■ **WHAT TO PRODUCE**: Nothing should appear in the answer except the lines below from the line containing "Volvo S80 2,4" through the line containing "Yuncheng Jianguo Hotel", copied exactly, with pictures left out.

SUPPLIED INFORMATION below:

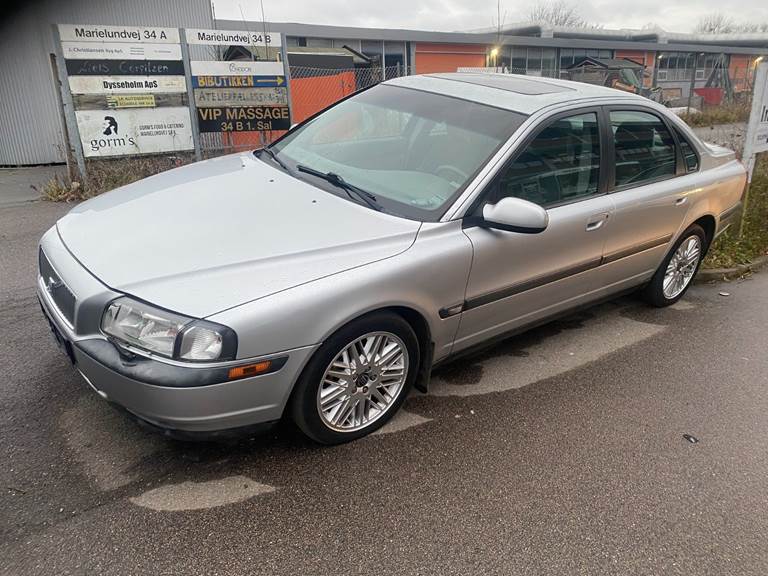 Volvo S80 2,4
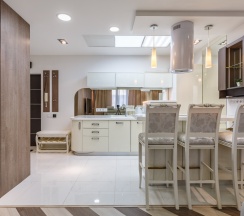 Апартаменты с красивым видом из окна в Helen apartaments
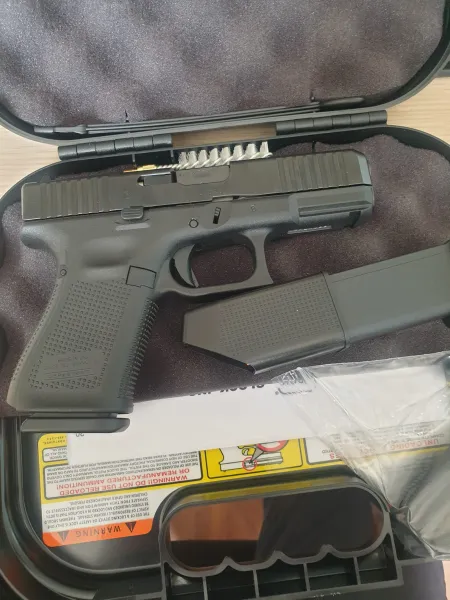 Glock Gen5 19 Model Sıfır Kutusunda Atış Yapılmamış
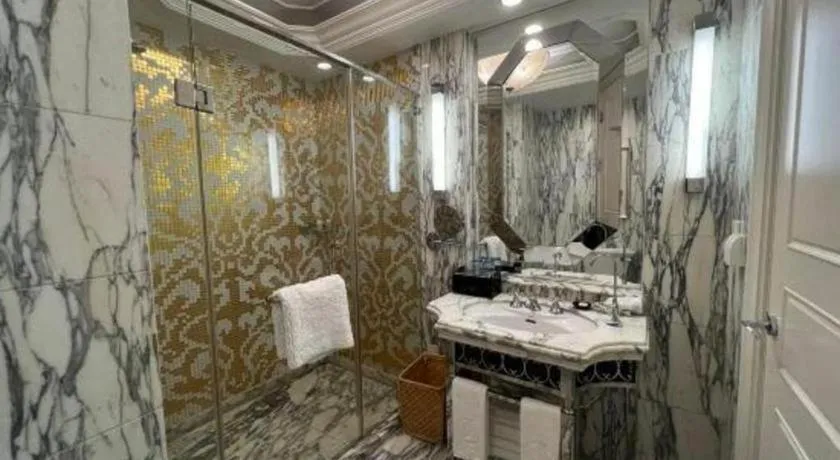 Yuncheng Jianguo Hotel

End of SUPPLIED INFORMATION.
SUPPLIED INFORMATION below:

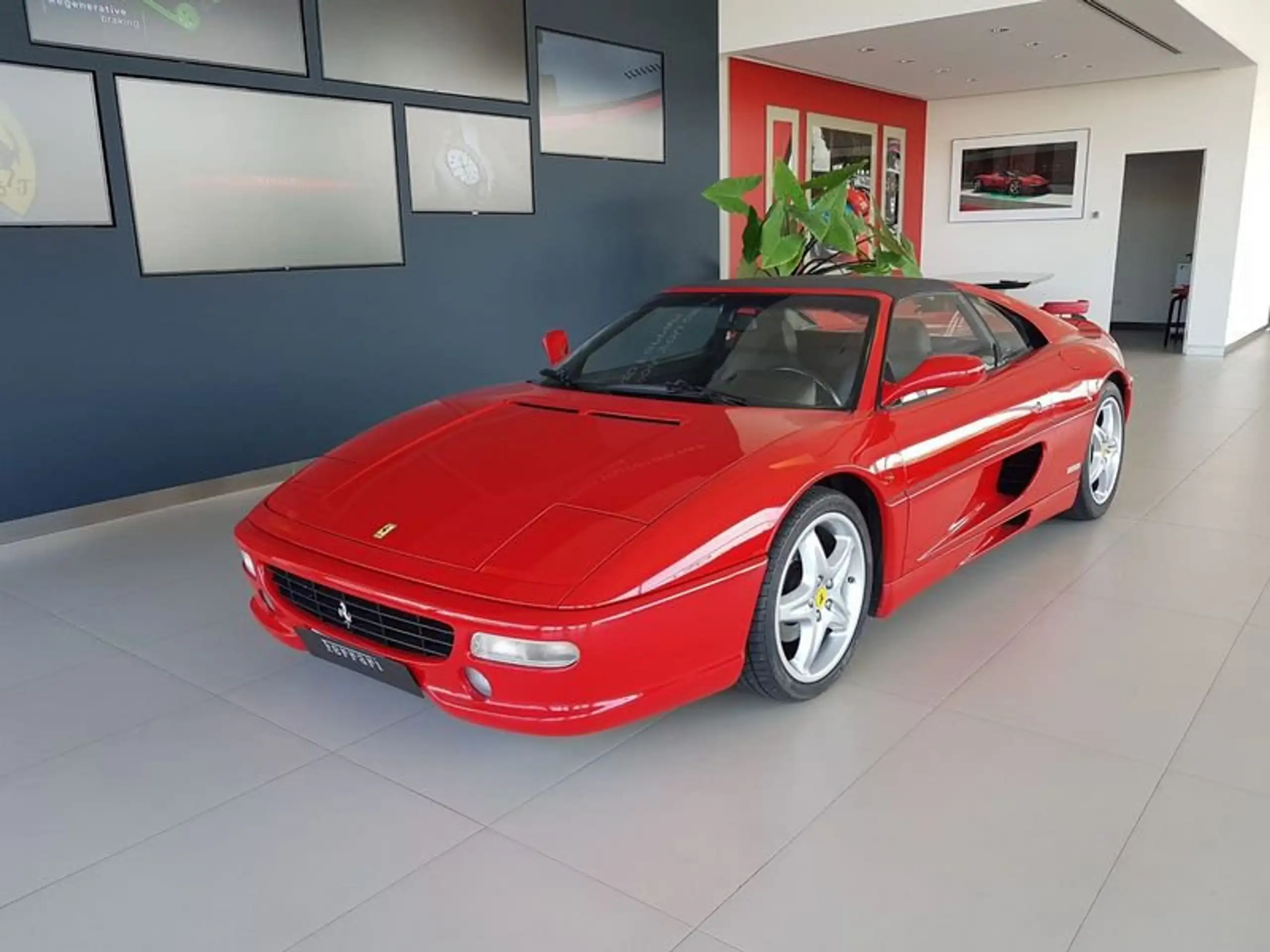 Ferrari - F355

End of SUPPLIED INFORMATION.
SUPPLIED INFORMATION below:

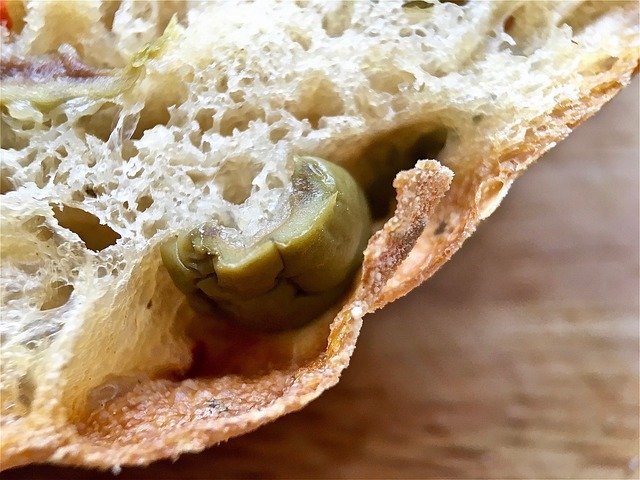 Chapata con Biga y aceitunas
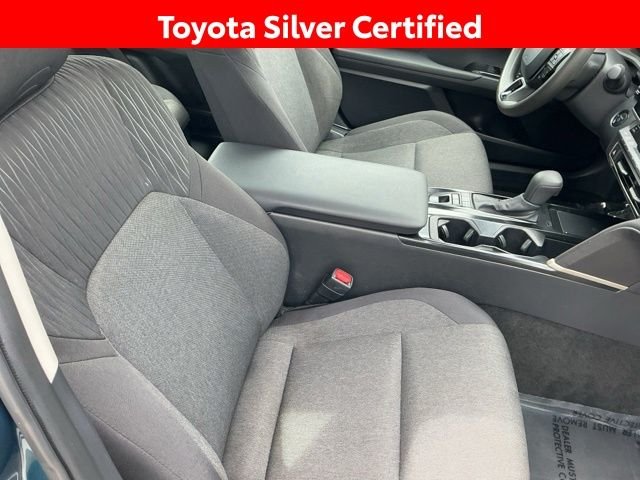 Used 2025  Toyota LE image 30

End of SUPPLIED INFORMATION.

■ **EXPECTED OUTPUT**:
 Volvo S80 2,4
 Апартаменты с красивым видом из окна в Helen apartaments
 Glock Gen5 19 Model Sıfır Kutusunda Atış Yapılmamış
 Yuncheng Jianguo Hotel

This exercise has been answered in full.